> _Problem description_
Among the lines below, a stretch begins at the one with "Padded Maxi Parka, camel" and ends at the one with "Adaptador ESSAGER Lightning a Jack 3.5 mm". Repeat that stretch exactly, ends included.

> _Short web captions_
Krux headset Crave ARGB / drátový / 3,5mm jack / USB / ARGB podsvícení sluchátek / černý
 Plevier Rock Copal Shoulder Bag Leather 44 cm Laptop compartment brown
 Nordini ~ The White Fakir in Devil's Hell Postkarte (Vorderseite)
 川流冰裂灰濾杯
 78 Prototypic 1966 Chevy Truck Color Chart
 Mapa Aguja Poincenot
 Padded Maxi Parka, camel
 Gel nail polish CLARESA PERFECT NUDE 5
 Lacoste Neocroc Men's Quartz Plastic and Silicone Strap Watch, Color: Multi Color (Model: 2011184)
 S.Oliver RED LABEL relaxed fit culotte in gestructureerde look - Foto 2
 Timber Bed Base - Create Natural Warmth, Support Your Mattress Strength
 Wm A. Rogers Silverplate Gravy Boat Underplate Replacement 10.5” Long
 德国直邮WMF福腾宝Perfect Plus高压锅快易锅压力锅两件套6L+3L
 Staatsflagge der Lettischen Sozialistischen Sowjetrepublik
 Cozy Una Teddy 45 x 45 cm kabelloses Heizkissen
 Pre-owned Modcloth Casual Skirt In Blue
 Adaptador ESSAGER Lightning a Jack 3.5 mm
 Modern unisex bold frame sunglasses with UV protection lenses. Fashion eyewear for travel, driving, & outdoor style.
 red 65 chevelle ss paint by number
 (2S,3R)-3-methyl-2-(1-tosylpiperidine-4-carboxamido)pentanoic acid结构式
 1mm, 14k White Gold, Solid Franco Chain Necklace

> _Expected answer_
 Padded Maxi Parka, camel
 Gel nail polish CLARESA PERFECT NUDE 5
 Lacoste Neocroc Men's Quartz Plastic and Silicone Strap Watch, Color: Multi Color (Model: 2011184)
 S.Oliver RED LABEL relaxed fit culotte in gestructureerde look - Foto 2
 Timber Bed Base - Create Natural Warmth, Support Your Mattress Strength
 Wm A. Rogers Silverplate Gravy Boat Underplate Replacement 10.5” Long
 德国直邮WMF福腾宝Perfect Plus高压锅快易锅压力锅两件套6L+3L
 Staatsflagge der Lettischen Sozialistischen Sowjetrepublik
 Cozy Una Teddy 45 x 45 cm kabelloses Heizkissen
 Pre-owned Modcloth Casual Skirt In Blue
 Adaptador ESSAGER Lightning a Jack 3.5 mm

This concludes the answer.